REQUIRED WORK>
Your answer must be the data repeated exactly, with no pictures in it.

MATERIAL FOR THIS EXERCISE>

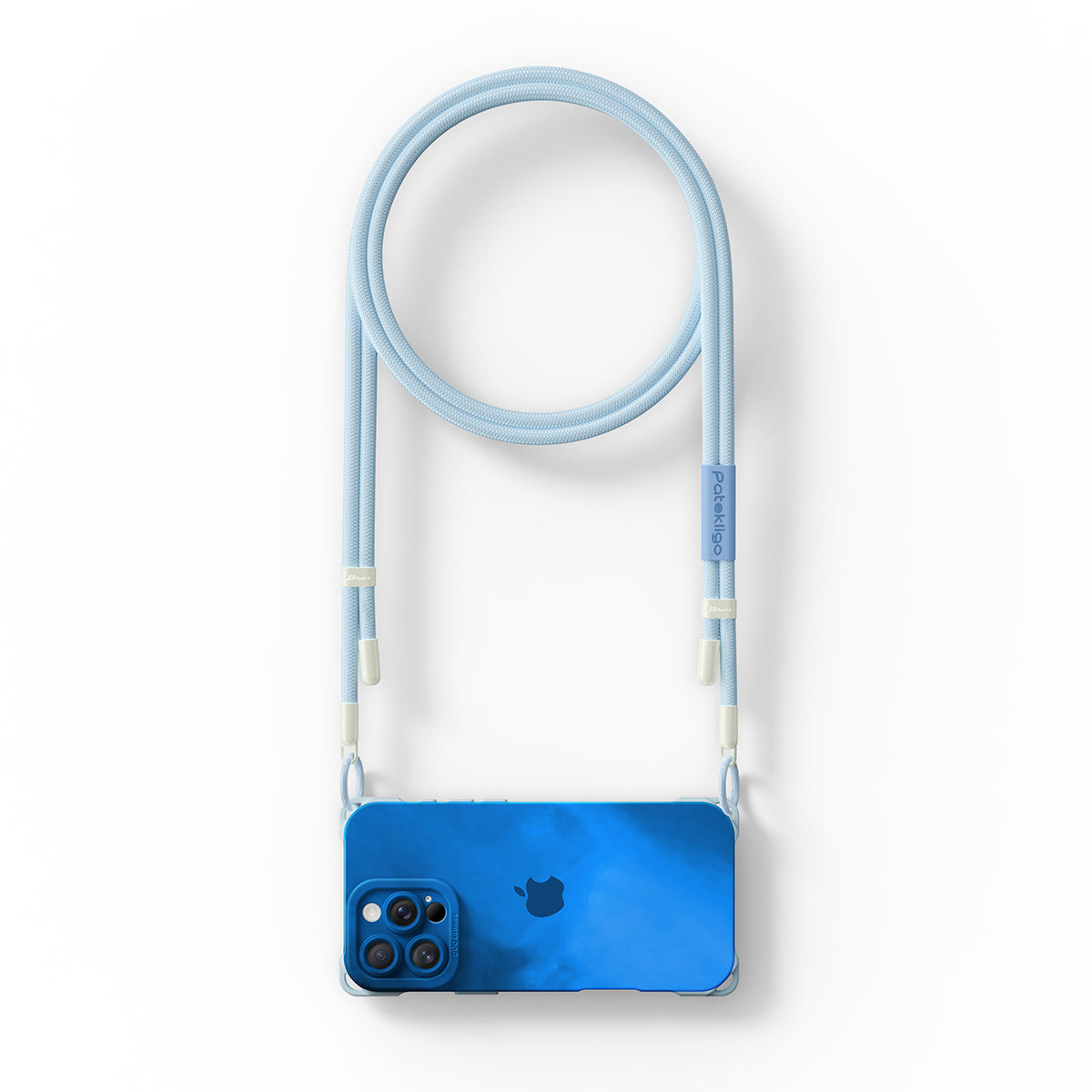 Blue Object | iPhone Series Ultra Impact Resistant Protective Case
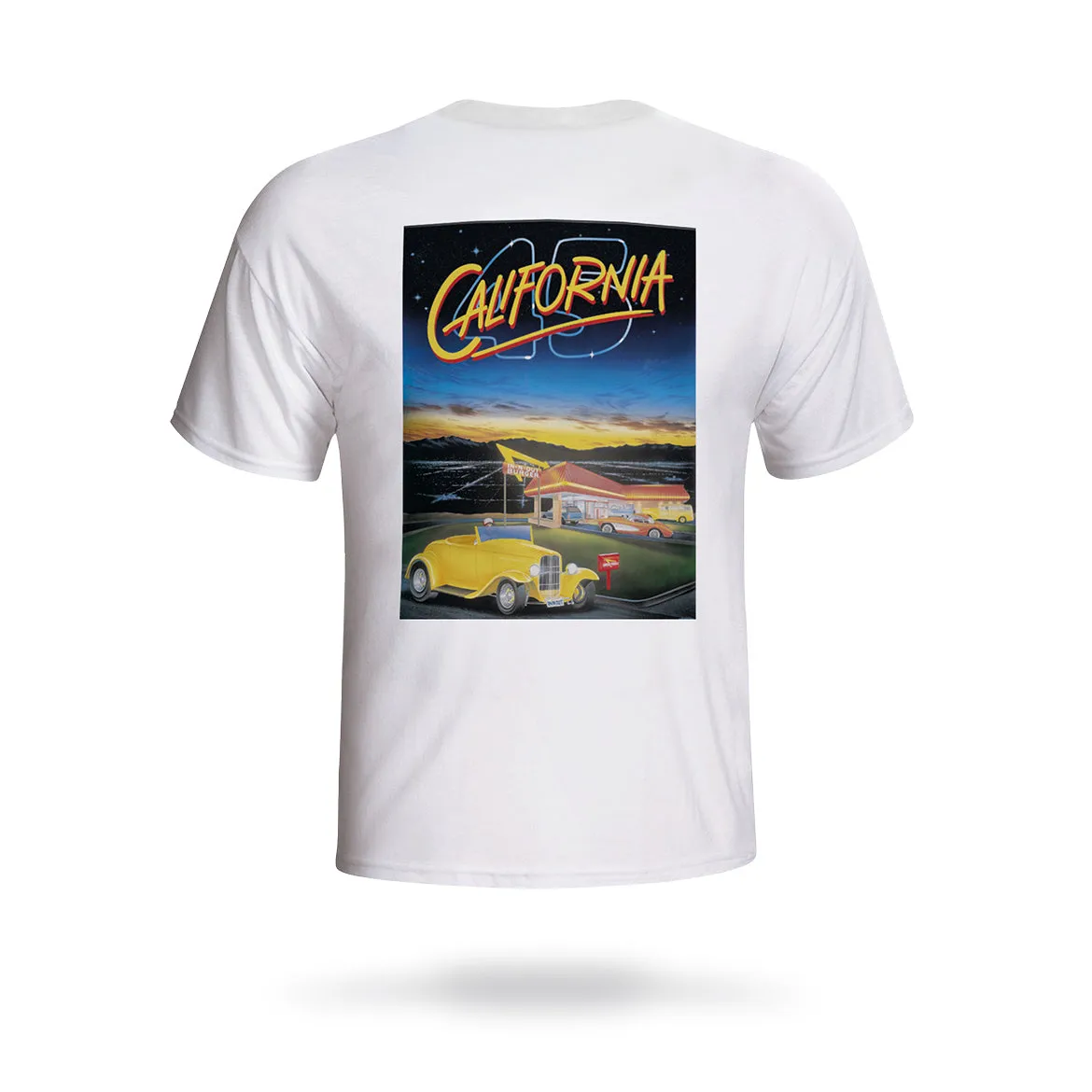 High Durability Weave PreShrunkCotton 1994 45th Anniversary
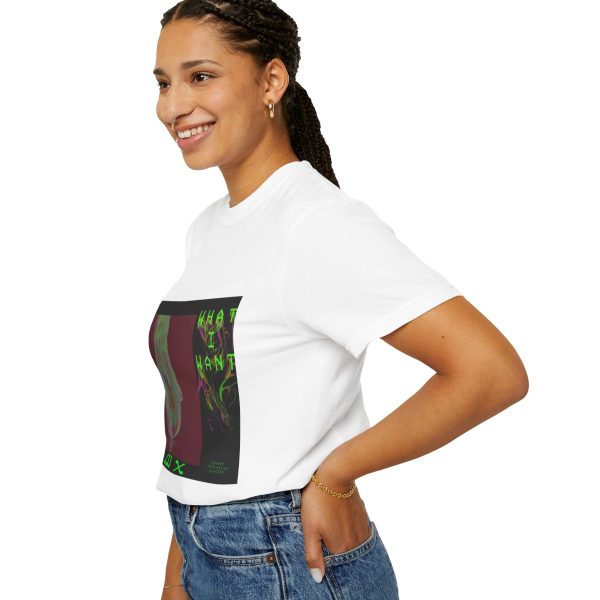 "What I Want" DJ AMX Merch - Image 21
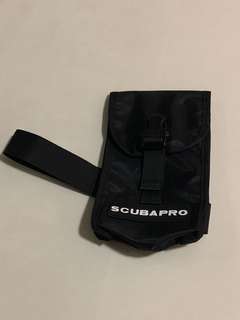 scubapro hydros cargo thigh pocket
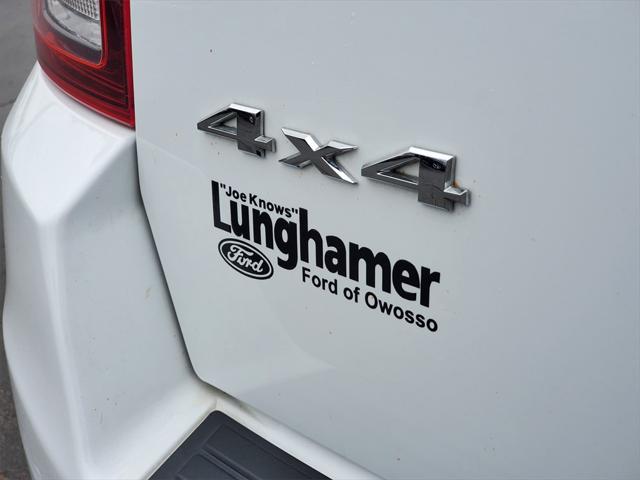 Used 2016 Jeep Compass For Sale in Waterford Twp, MI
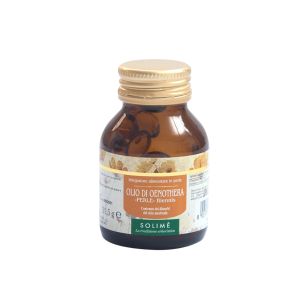 SOLIMÈ OLIO DI OENOTHERA INTEGRATORE MESTRUAZIONI 50 CAPSULE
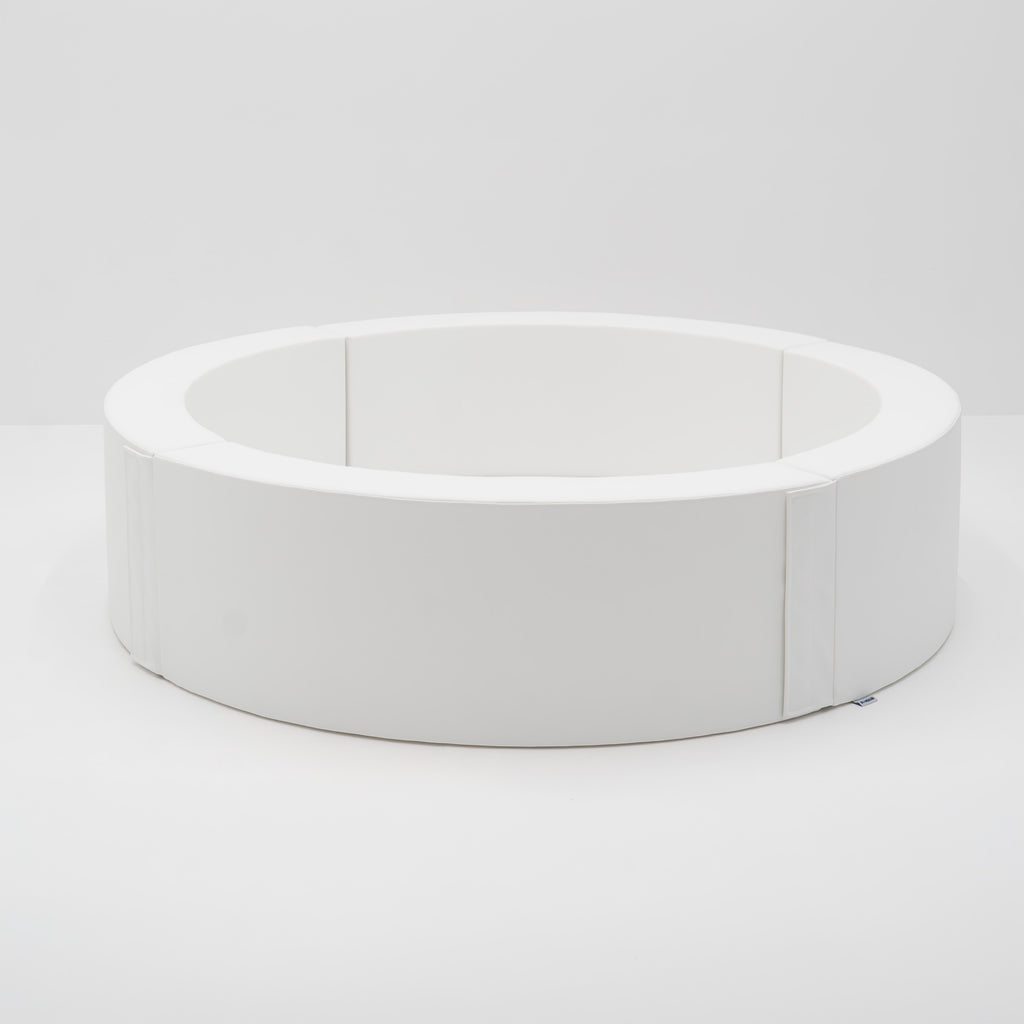 IGLU pyöreä pallomeri 158 cm, valkoinen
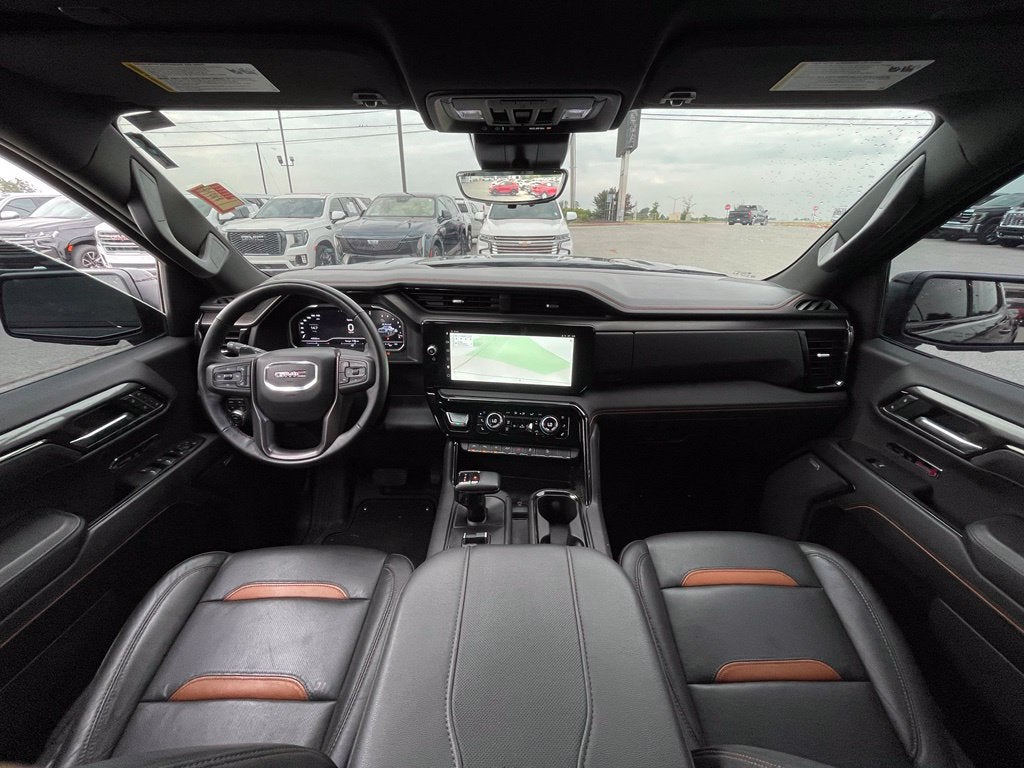 2025 GMC Sierra 1500 AT4 - POWER SUNROOF / HD SURROUND VISION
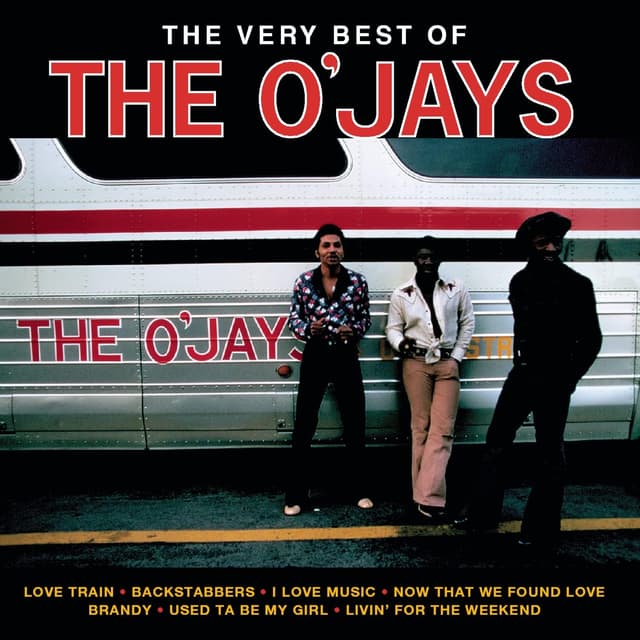 The Very Best Of The O'Jays | The O'Jays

WRITTEN RESPONSE>
 Blue Object | iPhone Series Ultra Impact Resistant Protective Case
 High Durability Weave PreShrunkCotton 1994 45th Anniversary
 "What I Want" DJ AMX Merch - Image 21
 scubapro hydros cargo thigh pocket
 Used 2016 Jeep Compass For Sale in Waterford Twp, MI
 SOLIMÈ OLIO DI OENOTHERA INTEGRATORE MESTRUAZIONI 50 CAPSULE
 IGLU pyöreä pallomeri 158 cm, valkoinen
 2025 GMC Sierra 1500 AT4 - POWER SUNROOF / HD SURROUND VISION
 The Very Best Of The O'Jays | The O'Jays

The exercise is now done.